WORK TASK: The data below is to be transcribed word for word; pictures are to be excluded.

PROVIDED DATA:

═══

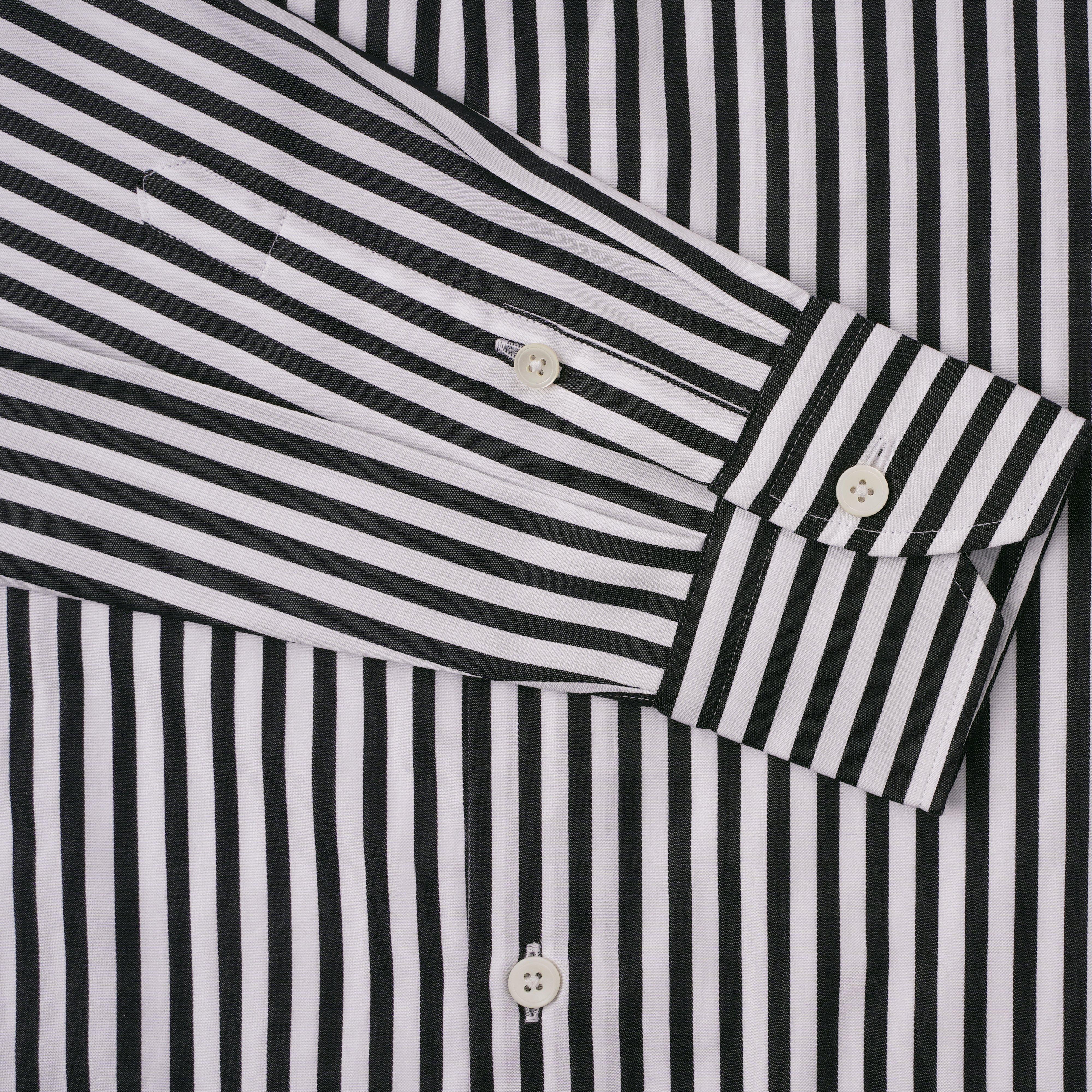 Thomas Pink Women's Tailored Capri Stripe Shirt Black/White-MALFORD OF LONDON SAVILE ROW MENSWEAR OUTLET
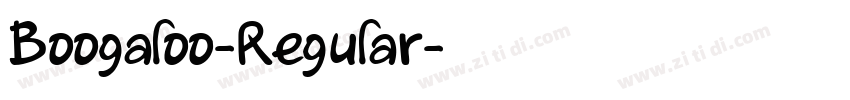 Boogaloo-Regular字体转换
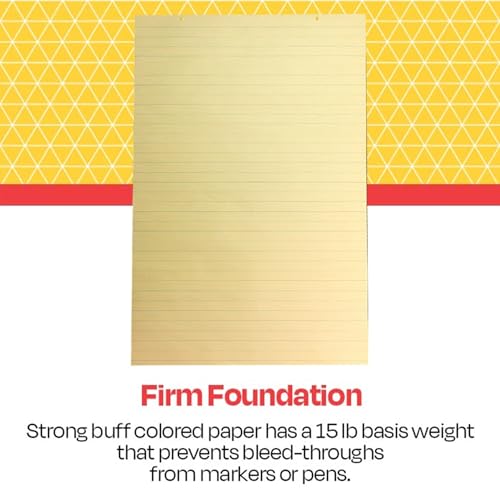 School Smart ورق مخطط مانيلّا كبير من سكول سمارت، 36 × 24 بوصة، 36 ورقة - Image 2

═══

EXERCISE RESULT:
 Thomas Pink Women's Tailored Capri Stripe Shirt Black/White-MALFORD OF LONDON SAVILE ROW MENSWEAR OUTLET
 Boogaloo-Regular字体转换
 School Smart ورق مخطط مانيلّا كبير من سكول سمارت، 36 × 24 بوصة، 36 ورقة - Image 2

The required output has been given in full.